7. SERP data tells you which fixes Google will reward first
Sometimes the fastest wins come from understanding how Google already structures the search results.
I analyse:
- What formats dominate the page? (guides? comparison pages? video?)
- What topics keep reappearing across ranking competitors?
- Which SERP features push organic results down?
- Is Google favouring recency or evergreen depth?
- Are AI overviews cannibalising broad queries?
If Google is rewarding 2,000-word deep dives for a keyword, the priority becomes depth.
If Google is rewarding short, crisp list-style content, the priority becomes clarity and structure.
The SERP tells you exactly how to win — if you know how to read it.
8. User behaviour data decides what to fix on-page
This is the part most consultants skip.
If you have access to heatmaps, session recordings or scroll-depth data, you can prioritise:
- which sections users ignore
- where they stop reading
- which CTAs fail to get interaction
- whether the content actually helps the reader
- which parts of the page cause confusion
On-page improvements become far easier when the data shows where readers hesitate, drift, or drop off.
9. Prioritisation formula: Impact × Certainty × Speed
After gathering the data, I use a simple scoring model to rank fixes:
- Impact — how much this change moves the dial
- Certainty — how confident we are it’ll work
- Speed — how quickly it can be implemented
Examples:
High Impact × High Certainty × Fast
- optimising pages ranking in positions 4–10
- fixing broken internal links to key services
- refreshing underperforming commercial pages
High Impact × Medium Certainty × Medium Speed
- building new service clusters
- rewriting entire landing pages
- solving major technical indexation issues
Low Impact × High Speed
- metadata tidy-up
- small internal link adjustments
These are “nice-to-haves,” not strategy drivers.
Final thoughts
SEO isn’t about fixing everything.
It’s about fixing the right things in the right order.

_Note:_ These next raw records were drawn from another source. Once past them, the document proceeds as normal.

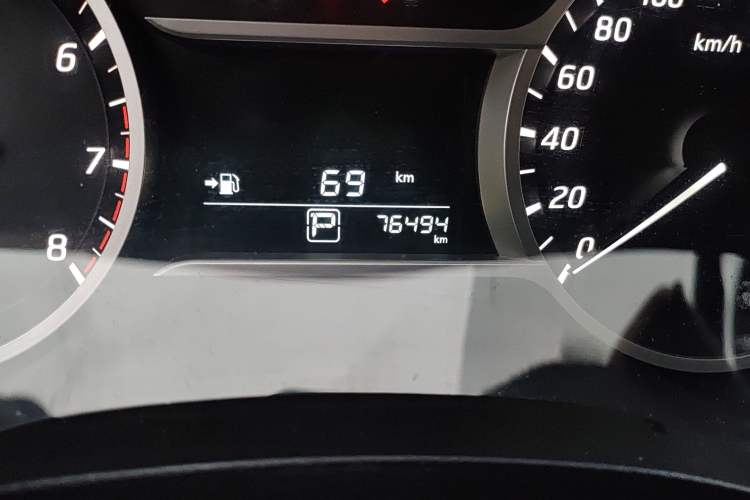 Used Nissan Lannia 2016 1.6L CVT Smart Cool Edition Odometer Close Up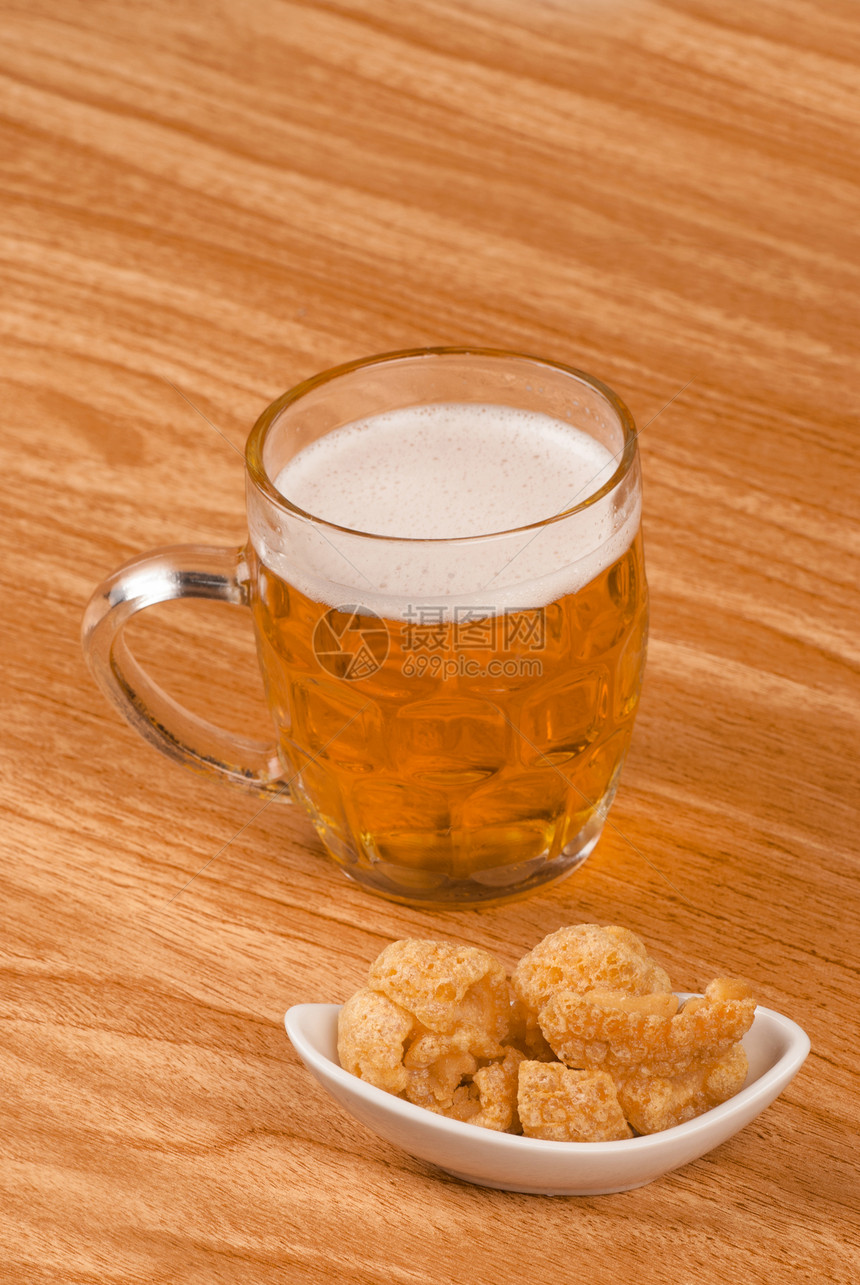 啤酒和木塔小吃零食酒杯柜台美食食物服务酒吧玻璃塔帕图片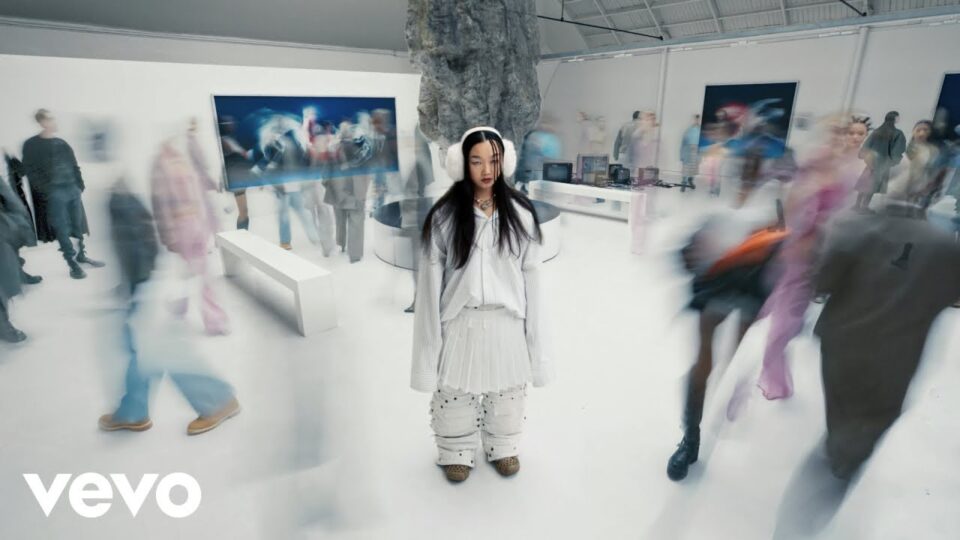 AUDREY NUNA – locket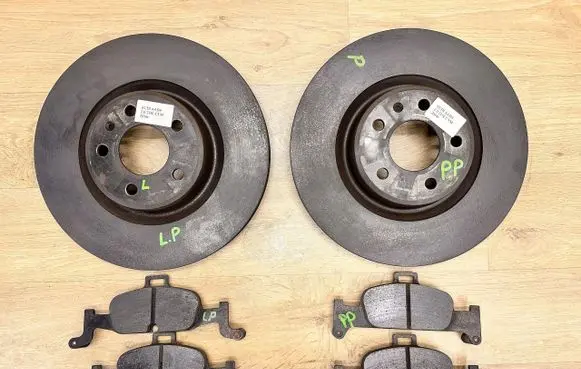 Audi A4 S4 B9 8W Brake pads (front) 8W0615301P 8W0615116AD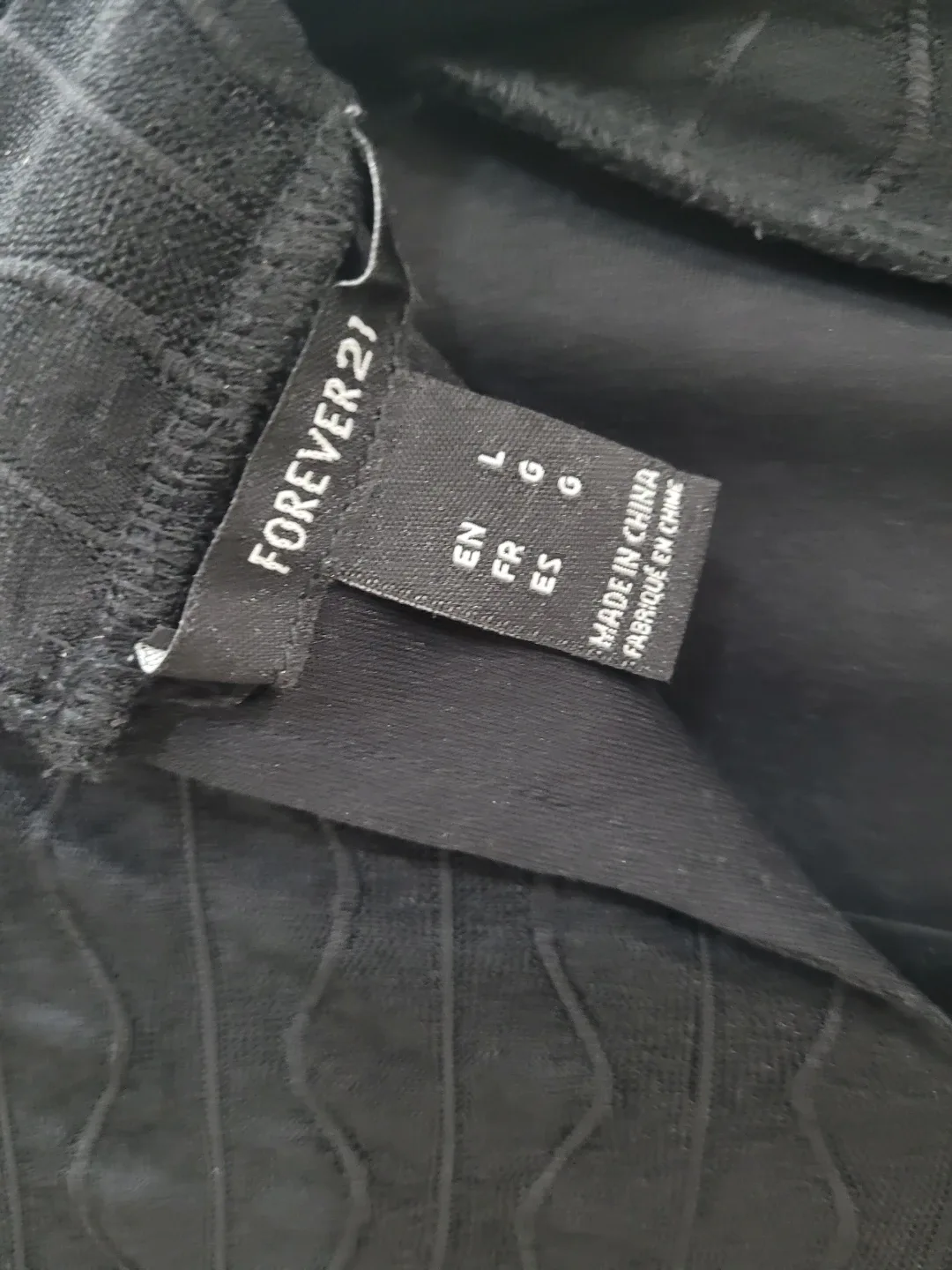 Forever 21 Black Long Sleeve Top - Size L 🥕 image indicator(3)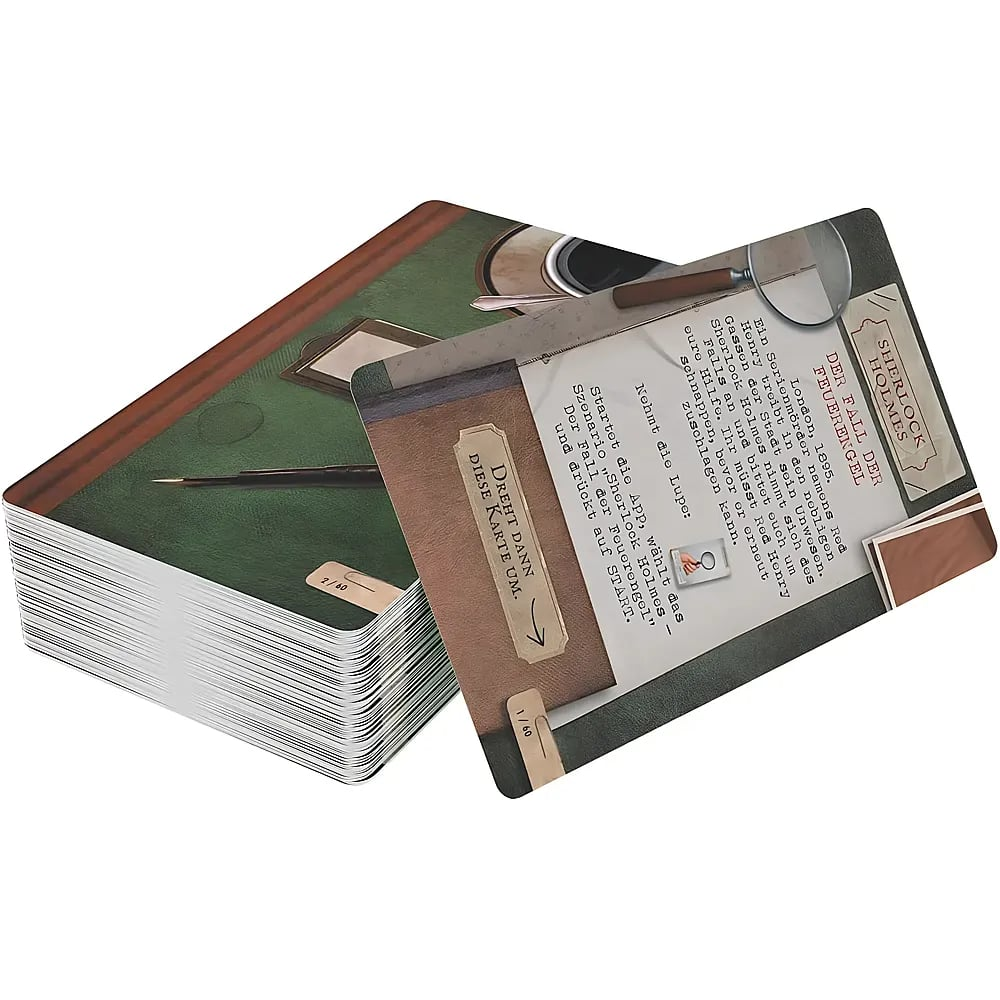 Ein Stapel Sherlock Holmes Detektivspielkarten mit Text, Lupe und grünem Hintergrund.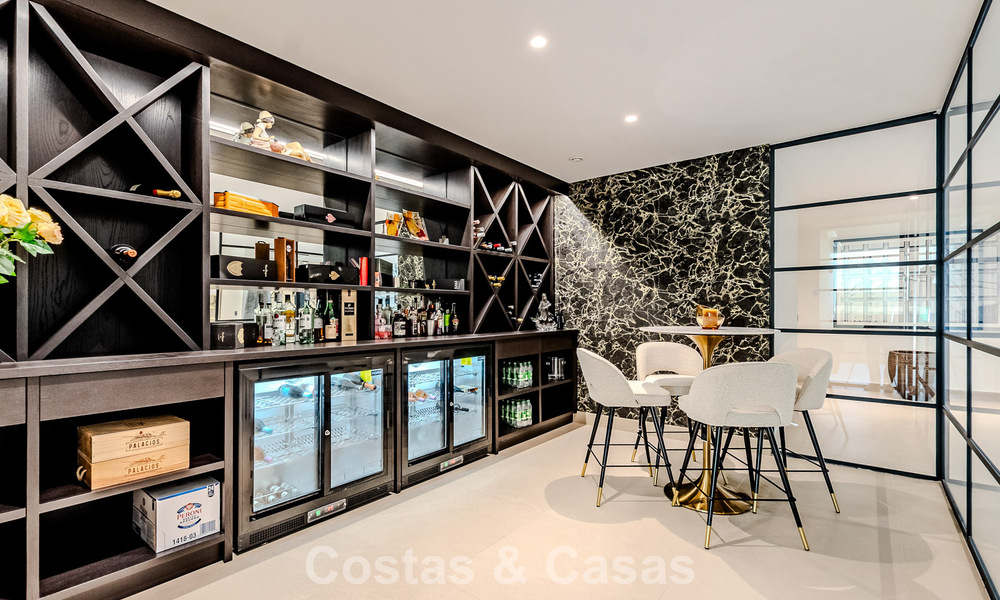 Majestic masterpiece for sale in a sleek, modern style in a secure residential area of Sotogrande, Costa del Sol 786207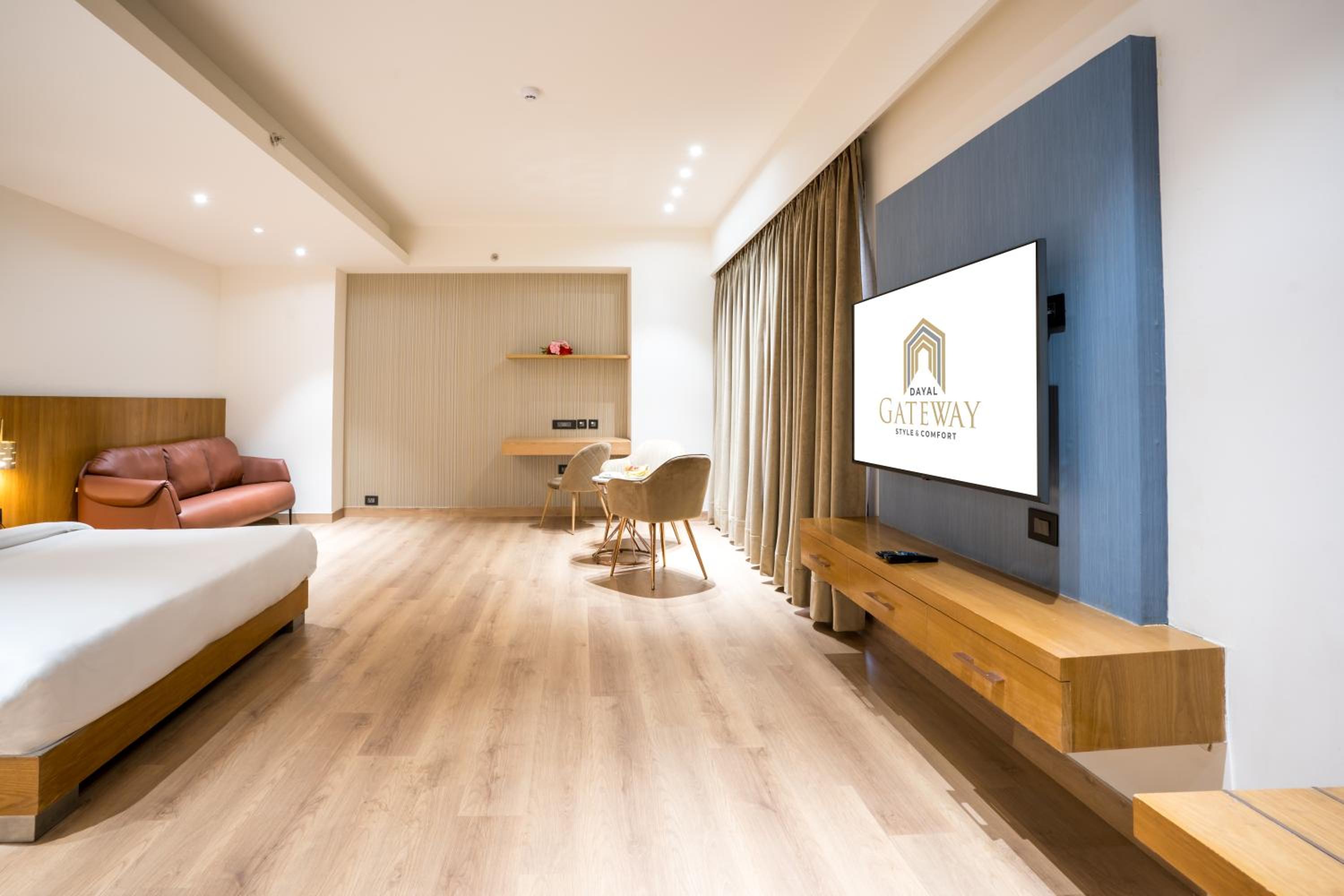 Deluxe King Room - Photo 9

Real prioritisation happens when a consultant looks past the noise and uses:
- Search Console signals
- Analytics conversion patterns
- crawl-level technical data
- competitive gaps
- backlink trust signals
- SERP behaviour
- user interactions
Put together, these data points reveal the path of least resistance — the actions that create momentum, restore lost relevance, and produce measurable growth without wasting months chasing cosmetics.
That’s how consultants prioritise fixes properly.
Not by guessing.
By grounding every decision in the data that actually matters.